Berkecimpung di dunia batik dengan landasan kecintaan, Santosa Doellah yang juga pemilik House of Danar Hadi (HDH) ini, malahan melihat "demam" batik sudah terjadi sejak 1975. Di masa itu, batik tak sekadar berfungsi sebagai jarik (kain panjang berukuran sekitar 275 cm X 110 cm-red) penutup tubuh. "Masyarakat kembali menggunakan batik untuk berbagai keperluan," kenangnya.
Terdorong oleh naluri bisnisnya untuk memanfaatkan peluang tadi, lalu, bapak beranak empat (satu orang sudah meninggal dunia-red) ini mulai membangun tim di Danar Hadi yang mengurusi soal motif dan desain. "Membuat motif dan desain itu seperti air mengalir. Bergerak terus dari hulu," katanya.

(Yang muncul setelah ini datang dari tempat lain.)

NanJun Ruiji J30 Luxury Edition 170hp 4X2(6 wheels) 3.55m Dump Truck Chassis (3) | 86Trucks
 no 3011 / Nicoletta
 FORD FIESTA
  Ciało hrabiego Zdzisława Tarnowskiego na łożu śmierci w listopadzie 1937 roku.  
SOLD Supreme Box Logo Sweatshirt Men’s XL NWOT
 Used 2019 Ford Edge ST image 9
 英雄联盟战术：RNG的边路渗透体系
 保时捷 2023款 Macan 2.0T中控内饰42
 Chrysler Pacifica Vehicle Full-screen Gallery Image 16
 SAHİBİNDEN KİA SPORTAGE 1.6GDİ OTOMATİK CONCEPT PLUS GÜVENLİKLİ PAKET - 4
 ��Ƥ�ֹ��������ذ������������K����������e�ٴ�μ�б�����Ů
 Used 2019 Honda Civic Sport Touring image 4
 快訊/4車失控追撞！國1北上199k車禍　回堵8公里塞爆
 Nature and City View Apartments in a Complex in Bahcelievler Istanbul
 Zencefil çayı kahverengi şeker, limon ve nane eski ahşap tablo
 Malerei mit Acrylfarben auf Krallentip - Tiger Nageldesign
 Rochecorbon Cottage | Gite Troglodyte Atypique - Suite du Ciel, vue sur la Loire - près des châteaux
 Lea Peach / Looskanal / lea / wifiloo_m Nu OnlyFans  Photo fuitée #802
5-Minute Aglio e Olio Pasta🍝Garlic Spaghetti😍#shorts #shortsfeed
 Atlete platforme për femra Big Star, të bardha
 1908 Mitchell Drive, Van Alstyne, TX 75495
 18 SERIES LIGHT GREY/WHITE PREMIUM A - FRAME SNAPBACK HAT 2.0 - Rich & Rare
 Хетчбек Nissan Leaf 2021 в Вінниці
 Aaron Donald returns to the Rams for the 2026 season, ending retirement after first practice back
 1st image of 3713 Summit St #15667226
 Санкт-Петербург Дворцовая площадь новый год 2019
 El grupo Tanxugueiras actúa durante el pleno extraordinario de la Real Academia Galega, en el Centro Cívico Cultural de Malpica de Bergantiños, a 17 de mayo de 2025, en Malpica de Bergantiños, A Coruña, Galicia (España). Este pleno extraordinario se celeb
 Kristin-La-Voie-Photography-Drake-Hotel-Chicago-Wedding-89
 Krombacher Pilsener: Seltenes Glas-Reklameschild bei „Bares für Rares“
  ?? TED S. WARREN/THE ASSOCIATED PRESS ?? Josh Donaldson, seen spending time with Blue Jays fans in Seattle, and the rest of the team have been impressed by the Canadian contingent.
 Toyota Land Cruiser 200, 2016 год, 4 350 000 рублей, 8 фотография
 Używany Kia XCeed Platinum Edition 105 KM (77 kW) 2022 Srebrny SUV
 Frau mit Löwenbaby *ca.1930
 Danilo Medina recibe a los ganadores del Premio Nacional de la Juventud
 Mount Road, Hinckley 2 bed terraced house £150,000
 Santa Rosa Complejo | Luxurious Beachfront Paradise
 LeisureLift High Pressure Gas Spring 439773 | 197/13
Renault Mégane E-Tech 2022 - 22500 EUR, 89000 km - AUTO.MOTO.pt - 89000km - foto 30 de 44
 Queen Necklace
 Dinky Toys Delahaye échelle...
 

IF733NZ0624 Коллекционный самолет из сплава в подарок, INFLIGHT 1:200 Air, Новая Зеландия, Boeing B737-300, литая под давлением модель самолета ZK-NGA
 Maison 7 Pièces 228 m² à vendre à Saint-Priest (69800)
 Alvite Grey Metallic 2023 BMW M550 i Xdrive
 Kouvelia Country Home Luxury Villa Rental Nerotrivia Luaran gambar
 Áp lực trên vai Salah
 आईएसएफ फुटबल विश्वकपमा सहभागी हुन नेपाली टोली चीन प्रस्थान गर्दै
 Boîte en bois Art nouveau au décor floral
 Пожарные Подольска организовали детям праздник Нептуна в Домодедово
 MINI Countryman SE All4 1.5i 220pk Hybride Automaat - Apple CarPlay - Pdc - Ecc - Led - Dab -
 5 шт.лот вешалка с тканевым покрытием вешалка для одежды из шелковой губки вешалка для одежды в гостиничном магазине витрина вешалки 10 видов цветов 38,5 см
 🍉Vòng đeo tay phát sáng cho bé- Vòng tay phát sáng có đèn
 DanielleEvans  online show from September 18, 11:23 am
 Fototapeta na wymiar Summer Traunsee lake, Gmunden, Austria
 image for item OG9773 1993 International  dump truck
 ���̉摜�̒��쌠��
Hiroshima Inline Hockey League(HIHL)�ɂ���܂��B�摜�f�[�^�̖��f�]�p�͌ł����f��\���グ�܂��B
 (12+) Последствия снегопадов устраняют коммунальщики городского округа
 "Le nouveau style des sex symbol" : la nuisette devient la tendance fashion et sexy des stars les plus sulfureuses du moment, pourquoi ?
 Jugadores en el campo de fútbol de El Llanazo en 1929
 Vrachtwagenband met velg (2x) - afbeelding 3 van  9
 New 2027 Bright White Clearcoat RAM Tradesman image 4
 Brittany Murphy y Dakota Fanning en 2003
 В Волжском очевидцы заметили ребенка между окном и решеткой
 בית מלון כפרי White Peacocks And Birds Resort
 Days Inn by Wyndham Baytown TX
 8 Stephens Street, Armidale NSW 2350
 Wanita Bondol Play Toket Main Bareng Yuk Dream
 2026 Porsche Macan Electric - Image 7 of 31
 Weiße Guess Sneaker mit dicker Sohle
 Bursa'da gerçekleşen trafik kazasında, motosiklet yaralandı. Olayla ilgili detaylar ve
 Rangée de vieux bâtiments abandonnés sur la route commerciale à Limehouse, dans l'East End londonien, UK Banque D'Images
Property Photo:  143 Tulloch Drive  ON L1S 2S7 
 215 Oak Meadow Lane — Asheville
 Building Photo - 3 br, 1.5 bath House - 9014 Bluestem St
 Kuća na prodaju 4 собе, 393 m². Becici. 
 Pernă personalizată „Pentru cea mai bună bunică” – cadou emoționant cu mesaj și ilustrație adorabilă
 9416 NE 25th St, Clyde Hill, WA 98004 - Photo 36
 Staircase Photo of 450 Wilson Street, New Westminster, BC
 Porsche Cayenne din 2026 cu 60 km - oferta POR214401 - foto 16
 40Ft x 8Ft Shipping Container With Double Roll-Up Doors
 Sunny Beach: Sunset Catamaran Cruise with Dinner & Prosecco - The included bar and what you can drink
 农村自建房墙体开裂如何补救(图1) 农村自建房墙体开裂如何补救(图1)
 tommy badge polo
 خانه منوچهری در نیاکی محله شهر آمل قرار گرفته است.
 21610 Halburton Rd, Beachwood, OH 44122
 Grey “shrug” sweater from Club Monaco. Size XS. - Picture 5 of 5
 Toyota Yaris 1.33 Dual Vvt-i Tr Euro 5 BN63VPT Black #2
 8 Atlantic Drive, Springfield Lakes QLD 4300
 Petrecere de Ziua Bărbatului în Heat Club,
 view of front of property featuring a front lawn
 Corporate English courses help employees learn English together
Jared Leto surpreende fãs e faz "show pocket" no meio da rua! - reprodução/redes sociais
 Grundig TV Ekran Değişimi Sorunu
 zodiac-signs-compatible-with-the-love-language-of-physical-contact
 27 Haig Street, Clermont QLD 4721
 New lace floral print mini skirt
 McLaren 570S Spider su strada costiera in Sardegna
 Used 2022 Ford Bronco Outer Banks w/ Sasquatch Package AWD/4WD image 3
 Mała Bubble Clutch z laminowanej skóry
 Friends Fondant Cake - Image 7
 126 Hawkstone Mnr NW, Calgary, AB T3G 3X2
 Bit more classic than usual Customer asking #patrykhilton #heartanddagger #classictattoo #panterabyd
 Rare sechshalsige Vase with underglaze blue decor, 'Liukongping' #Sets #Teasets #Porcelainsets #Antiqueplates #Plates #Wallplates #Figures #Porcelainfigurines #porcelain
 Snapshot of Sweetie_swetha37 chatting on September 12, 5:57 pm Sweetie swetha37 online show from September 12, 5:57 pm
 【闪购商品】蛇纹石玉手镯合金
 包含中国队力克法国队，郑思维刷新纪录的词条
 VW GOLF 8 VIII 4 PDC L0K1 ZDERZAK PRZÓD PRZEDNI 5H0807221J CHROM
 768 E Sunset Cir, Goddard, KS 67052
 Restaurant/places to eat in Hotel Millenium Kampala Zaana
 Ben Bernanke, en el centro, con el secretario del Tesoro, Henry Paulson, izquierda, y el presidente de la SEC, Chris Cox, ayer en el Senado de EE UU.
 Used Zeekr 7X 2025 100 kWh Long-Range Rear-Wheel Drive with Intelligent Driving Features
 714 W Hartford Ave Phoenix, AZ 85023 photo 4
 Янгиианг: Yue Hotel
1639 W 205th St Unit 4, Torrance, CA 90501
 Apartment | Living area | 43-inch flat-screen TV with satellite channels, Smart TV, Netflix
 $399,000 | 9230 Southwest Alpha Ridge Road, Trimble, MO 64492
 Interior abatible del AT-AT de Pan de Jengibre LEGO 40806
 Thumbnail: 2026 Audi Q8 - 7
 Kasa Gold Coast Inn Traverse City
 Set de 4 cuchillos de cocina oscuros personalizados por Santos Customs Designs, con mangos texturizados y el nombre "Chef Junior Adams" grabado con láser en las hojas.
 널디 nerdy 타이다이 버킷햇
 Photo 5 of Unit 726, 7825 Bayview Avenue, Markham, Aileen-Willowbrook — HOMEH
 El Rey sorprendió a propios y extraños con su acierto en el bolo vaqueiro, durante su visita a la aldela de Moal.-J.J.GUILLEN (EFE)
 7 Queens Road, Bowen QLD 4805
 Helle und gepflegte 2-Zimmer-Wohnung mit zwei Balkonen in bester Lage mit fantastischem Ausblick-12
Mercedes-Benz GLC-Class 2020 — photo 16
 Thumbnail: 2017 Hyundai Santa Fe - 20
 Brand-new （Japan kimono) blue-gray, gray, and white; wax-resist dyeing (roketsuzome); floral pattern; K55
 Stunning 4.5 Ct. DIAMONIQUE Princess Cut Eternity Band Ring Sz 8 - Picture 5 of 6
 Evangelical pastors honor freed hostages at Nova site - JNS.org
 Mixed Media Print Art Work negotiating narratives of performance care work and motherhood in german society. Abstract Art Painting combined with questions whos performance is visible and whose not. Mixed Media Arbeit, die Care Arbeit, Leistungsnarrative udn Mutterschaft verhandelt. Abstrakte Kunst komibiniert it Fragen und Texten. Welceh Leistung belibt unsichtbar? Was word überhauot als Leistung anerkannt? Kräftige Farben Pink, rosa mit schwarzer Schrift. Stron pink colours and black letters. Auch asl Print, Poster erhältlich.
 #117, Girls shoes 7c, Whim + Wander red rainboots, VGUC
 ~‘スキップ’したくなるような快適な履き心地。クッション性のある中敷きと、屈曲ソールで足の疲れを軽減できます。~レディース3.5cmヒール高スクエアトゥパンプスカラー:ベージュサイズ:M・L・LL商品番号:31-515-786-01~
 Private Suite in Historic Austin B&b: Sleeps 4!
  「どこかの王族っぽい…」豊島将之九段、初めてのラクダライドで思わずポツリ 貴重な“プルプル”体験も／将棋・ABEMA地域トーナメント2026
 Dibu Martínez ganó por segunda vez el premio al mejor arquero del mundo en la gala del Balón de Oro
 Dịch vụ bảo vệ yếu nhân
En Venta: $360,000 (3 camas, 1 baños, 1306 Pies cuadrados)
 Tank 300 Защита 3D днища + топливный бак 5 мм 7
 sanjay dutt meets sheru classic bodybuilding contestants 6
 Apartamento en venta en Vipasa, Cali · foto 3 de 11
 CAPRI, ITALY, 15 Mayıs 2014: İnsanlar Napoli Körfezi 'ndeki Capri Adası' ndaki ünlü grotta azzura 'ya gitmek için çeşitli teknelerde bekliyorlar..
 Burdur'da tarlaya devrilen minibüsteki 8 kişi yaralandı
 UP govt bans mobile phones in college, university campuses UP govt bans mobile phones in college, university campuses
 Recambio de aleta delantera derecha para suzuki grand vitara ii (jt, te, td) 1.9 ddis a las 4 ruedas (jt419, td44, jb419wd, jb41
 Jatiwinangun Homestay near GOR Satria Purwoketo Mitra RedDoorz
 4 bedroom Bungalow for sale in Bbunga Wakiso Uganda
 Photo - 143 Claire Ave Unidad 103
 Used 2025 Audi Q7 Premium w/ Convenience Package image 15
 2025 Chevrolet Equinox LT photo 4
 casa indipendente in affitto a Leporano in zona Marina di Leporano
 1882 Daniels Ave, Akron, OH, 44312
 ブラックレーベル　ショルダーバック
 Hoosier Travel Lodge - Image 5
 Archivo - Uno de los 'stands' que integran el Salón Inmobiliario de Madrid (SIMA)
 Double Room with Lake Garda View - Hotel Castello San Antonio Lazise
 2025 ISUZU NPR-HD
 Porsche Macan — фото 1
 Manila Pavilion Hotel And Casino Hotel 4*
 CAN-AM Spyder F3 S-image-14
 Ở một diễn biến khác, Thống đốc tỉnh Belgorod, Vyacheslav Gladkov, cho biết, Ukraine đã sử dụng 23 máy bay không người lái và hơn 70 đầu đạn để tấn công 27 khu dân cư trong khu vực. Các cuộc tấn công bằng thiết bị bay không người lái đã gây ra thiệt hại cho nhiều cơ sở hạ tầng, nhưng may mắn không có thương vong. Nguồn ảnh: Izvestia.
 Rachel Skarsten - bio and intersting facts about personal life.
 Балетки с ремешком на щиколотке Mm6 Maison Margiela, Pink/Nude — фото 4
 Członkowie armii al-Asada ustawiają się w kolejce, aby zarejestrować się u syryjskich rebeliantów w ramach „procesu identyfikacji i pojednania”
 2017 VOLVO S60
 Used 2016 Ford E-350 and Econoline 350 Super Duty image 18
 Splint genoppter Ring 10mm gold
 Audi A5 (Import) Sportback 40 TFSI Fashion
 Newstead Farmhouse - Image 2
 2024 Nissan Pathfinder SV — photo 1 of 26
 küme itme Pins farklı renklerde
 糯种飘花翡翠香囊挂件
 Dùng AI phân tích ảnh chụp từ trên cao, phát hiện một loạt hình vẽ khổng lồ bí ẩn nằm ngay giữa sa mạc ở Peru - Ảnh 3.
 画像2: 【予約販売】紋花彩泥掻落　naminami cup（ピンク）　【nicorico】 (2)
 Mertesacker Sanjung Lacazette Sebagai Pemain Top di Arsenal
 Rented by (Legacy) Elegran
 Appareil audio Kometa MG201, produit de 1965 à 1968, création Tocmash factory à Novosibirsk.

Perkembangan zaman, kemudian, adalah salah satu alasan mengapa Danar Hadi, aku Santosa, selalu memutakhirkan motif dan desain tersebut. Ide -ide mengenai motif baru bahkan bisa diperoleh dari manapun mulai dari pameran batik hingga peragaan busana di negara-negara Eropa. "Bukan saya meniru. Tapi dari kesempatan-kesempatan itu, saya sering mendapat ide," ungkapnya.
Saat ini, Santosa memang banyak dibantu oleh anak-anaknya. Diana Santosa, anak kedua, menjadi direktur marketing di perusahaan. Sementara, Dewanto Santosa mengurusi hal-hal keuangan. "Dari anak sayalah, saya mendapat informasi mengenai tren motif dan desain," ucapnya.
Soal tren motif dan desain terbaru, jelas Santosa, pihaknya memang menyasar pasar anak muda. Makanya, warna cokelat tua atau sogan (diambil dari pewarna alami soga-red) yang lazim menjadi warna khas batik dikembangkan dan dilengkapi dengan warna lain yang lebih cerah. "Warna lama kami olah lagi begitu," ujarnya.
Desain pun menjadi perhatian Santosa. Beserta timnya, desain pakaian batik dikembangkan sebagai jawaban cepatnya perubahan kebutuhan masyarakat. "Kami yang membuat desain kardigan bermotif batik," paparnya.
Untuk soal berpromosi, Santosa yang berkali-kali mengatakan keberhasilan bisnis batiknya berangkat dari restu Yang Mahakuasa berikut kerja sama tim, menerangkan, Danar Hadi menjadi pelopor yang menampilkan ragam busana batik di kalender. Khususnya, kalender meja. "Kami melakukannya setahun lalu dengan model anak-anak muda memakai batik," terang pengusaha sukses yang salah satu gerainya di Ibu Kota mampu meraih pendapatan sekitar Rp2 miliar per bulan.